Les essences (al-a’yan) – que certains appellent aussi les substances (al-jawahir) – ne disparaissent jamais. La “création nouvelle”, qui est permanente en ce monde et dans l’autre, concerne seulement les formes, qui ne sont que des accidents. Et tout ce qui n’est pas l’Être absolu – qui appartient à Allâh – est accident ».

    Il ne faut cependant pas mépriser ce bas-monde au point de détester les qualités et bienfaits qu’Allâh y a déposé et manifesté, comme les Prophètes, les Anges, les parents, les épouses, les enfants, les époux, les saint(e)s, les gens vertueux, la bonne santé, les bonnes subsistances, etc., car tout bienfait d’Allâh est digne d’admiration, comme Il le dit : « rappelez-vous les bienfaits d’Allâh afin que vous réussissiez » (Qur’ân 7, 69). Pour autant, il faut se prémunir contre nos perceptions biaisées, où ce qui est bénéfique et profitable devient néfaste quand on les idéalise ou qu’on les divinise, au point qu’ils deviennent un « ennemi déclaré » contre nous, lorsqu’ils nous éloignent de la Satisfaction Divine, de la vertu et de la justice, d’où les paroles qurâniques suivantes : « Allâh, nulle autre divinité que Lui!  Et c’est à Allâh que les croyants [doivent] s’en remettre.
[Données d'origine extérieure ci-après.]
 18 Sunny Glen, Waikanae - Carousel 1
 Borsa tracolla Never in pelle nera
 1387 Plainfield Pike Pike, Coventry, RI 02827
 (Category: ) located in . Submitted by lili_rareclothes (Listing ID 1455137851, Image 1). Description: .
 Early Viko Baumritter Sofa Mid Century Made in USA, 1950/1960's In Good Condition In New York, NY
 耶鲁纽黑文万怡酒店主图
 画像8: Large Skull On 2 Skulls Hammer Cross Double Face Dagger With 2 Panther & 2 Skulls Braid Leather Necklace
Ô vous qui avez cru, vous avez de vos épouses et de vos enfants un ennemi [une tentation]. Prenez-y garde donc. Mais si vous [les] excusez passez sur [leurs] fautes et [leur] pardonnez, sachez qu’Allâh est Pardonneur, Très Miséricordieux. Vos biens et vos enfants ne sont qu’une tentation, alors qu’auprès d’Allâh est une énorme récompense. Craignez Allâh, donc autant que vous pouvez, écoutez, obéissez et faites largesses. Ce sera un bien pour vous. Et quiconque a été protégé contre sa propre avidité… ceux-là sont ceux qui réussissent » (Qur’ân 64, 13-16) et « Ô les croyants ! Observez strictement la justice et soyez des témoins (véridiques) comme Allâh l’ordonne, fût-ce contre vous-mêmes, contre vos père et mère ou proches parents. Qu’il s’agisse d’un riche ou d’un besogneux, Allâh a priorité sur eux deux (et Il est plus connaisseur de leur intérêt que vous). Ne suivez donc pas les passions, afin de ne pas dévier de la justice. Si vous portez un faux témoignage ou si vous le refusez, [sachez qu’] Allâh est Parfaitement Connaisseur de ce que vous faites » (Qur’ân 4, 135).

Notes :


(1) NDT : La parole prophétique « Mourez avant de mourir » est rapportée notamment par Al-Hakîm At-Tirmidhî dans Nawadir al Ussûl selon Hudhayfa Ibn Al Yaman.